Une énigme compliquée pour occuper votre jour férié : qui part en vacances aujourd’hui par voie aérienne sans devoir faire la queue à l’embarquement, montrer son passeport ni enlever ses sandalettes pour passer le portique de sécurité ?

Un indice : Vous la reconnaîtrez peut-être ici, de dos dans sa cuisine.

(Chapelle du Sacré-Cœur, Liévin.)

In the upper room (45)

J’ai une bonne nouvelle pour vous, ce matin : comme ses amis Elvis et Michael Jackson, Jésus est vivant ! Je l’ai appris mercredi en passant devant l’église Saint-Léger, à Lens, et j’ai dû me faire violence pour garder cette information par-devers moi jusqu’au jour traditionnellement dédié aux upper rooms & kitchens.

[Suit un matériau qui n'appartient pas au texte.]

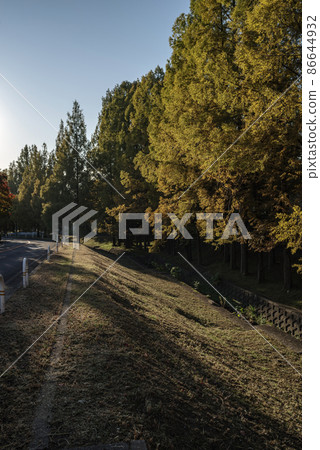 Autumn / Asahi and Metasequoia trees 86644932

Si mon exploration de l’agglomération ne me comblait pas de joie, ce scoop suffirait à le faire. Quelques rencontres inopinées, aussi émouvantes qu’éphémères, ayant déjà émaillé mon périple cycliste, je me prends à rêver qu’un matin, au détour d’un terril ou d’une baraque à frites, je croise celui-là même qui est mort pour nos péchés, nu sous son voile qui volait qui volait, son voile qui volait au vent (pour citer Marie Dubas*) comme suggéré ci-dessous, et qu’il me raconte ce que ça fait, d’être le sauveur du bassin minier. Si cette chance m’était offerte, j’essaierais de le prendre en photo, à la dérobée.

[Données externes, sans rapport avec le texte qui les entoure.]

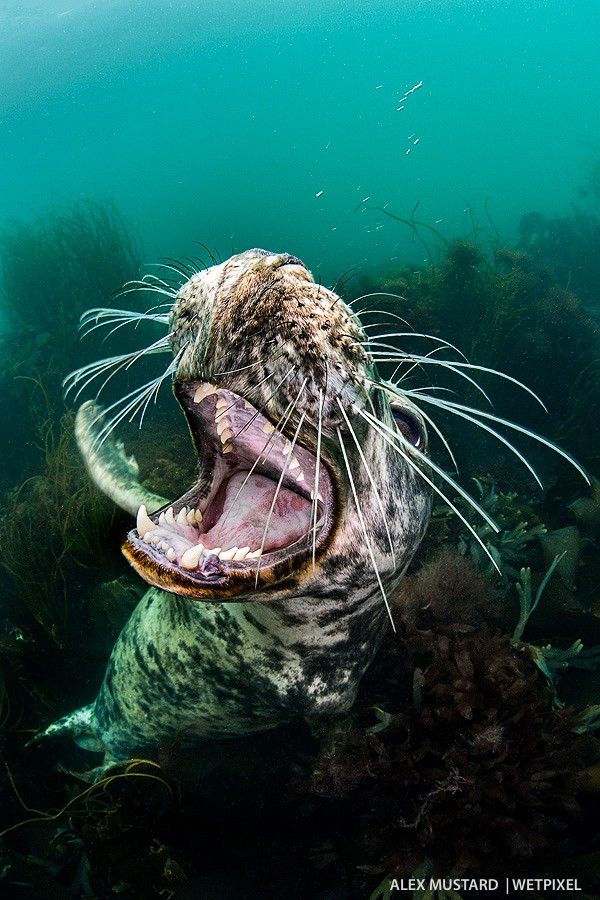 Playful seal. Nikon D5 and Sigma 15mm. Subal ND5, Zen 230 dome. 2 x Inon Z240. 1/125th @ f/14, ISO 640.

* Marie Dubas : Son voile qui volait

In the kitchen (25)

Autant vous prévenir, notre prière du jour va contrevenir à deux de nos principes élémentaires :
1. Cette semaine, notre kitchen est en couleur ; en noir et blanc, elle perdrait beaucoup de son sens, comme vous serez bien obligés de l’admettre.
2. Ce n’est pas moi qui l’ai prise en photo mais mon père. Il m’avait décrit cette borne kilométrique avec Vierge Marie et je lui avais demandé de bien vouloir m’en envoyer une image quand il aurait l’occasion de lui rendre de nouveau visite à Diéval, village du Pas-de-Calais (751 habitants, 63 hab/km²) dont je vous offre ci-dessous une image satellite (vous admirerez la marqueterie que présente la campagne d’ici).

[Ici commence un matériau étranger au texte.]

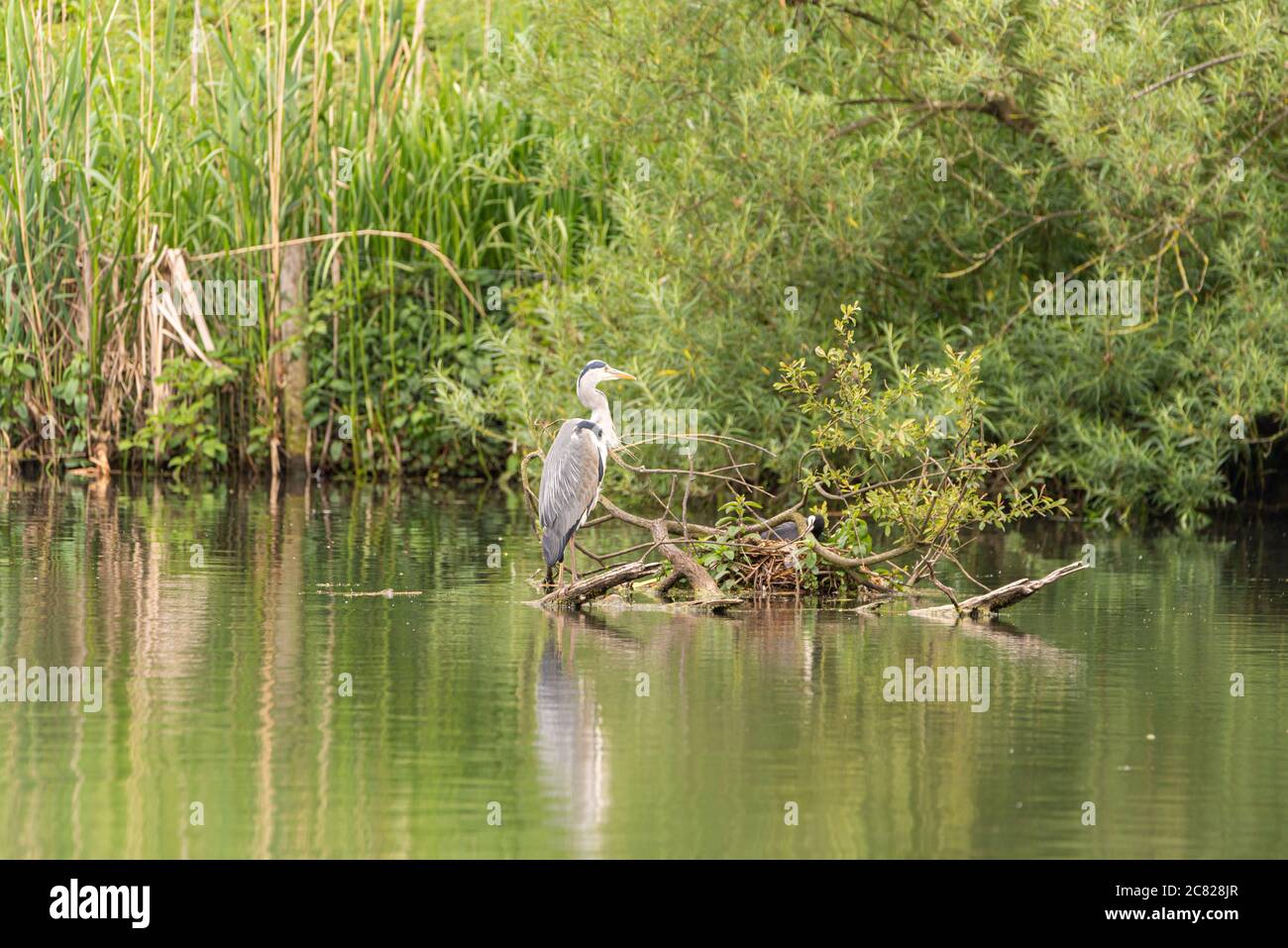 Il predatore Grey Heron, Ardea cinerea della famiglia degli airone Ardeidae, arroccato su un albero su un lago nel Regno Unito Foto Stock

Si vous avez quelque chose à redire, je prépare des rafraichissements sur mon chéneau pour vos pigeons. Mais si vous voulez bien abdiquer votre mauvaise foi coutumière, vous apprécierez l’aplomb de ce syllogisme terrien : les routes de campagne tuent, c’est bien connu, or Marie est investie dans la prévention routière au point d’avoir formé son propre fils unique au noble métier d’agent de la circulation, comme nous l’avons vu bien souvent (notamment ici), donc une kitchen kilométrique était une solution astucieuse pour veiller sur les automobilistes.

In the upper room (44)

Ce centre biblique dont je savoure le nom comme un bonbon au miel a besoin d’un nouveau clavier pour son ordinateur, comme en témoigne ce texte qui présente les buts de l’association : « Etablir et développer un groupement de personnes pour : manifestation cultuelle en vue d’une propagande de l’Evangile sur le fondement de la Boble seule et entière, animer les clubs d’enfantsn préadolescents et adolescents, organiser des rencontres à caractère évangélique. » Je me propose d’organiser un crowdfunding une quête afin de lui venir en aide. Merci d’avance pour votre générosité, que je m’engage à recueillir du bec même de vos pigeons (chèques acceptés, billets préférés ; aucun montant maximum – si je récolte trop, je saurai faire un saint usage du surplus). Devinez où se trouve ce local dont vous vous apprêtez à devenir un bienfaiteur ou une bienfaitrice et votre nom sera inscrit au marqueur sur son volet de fer.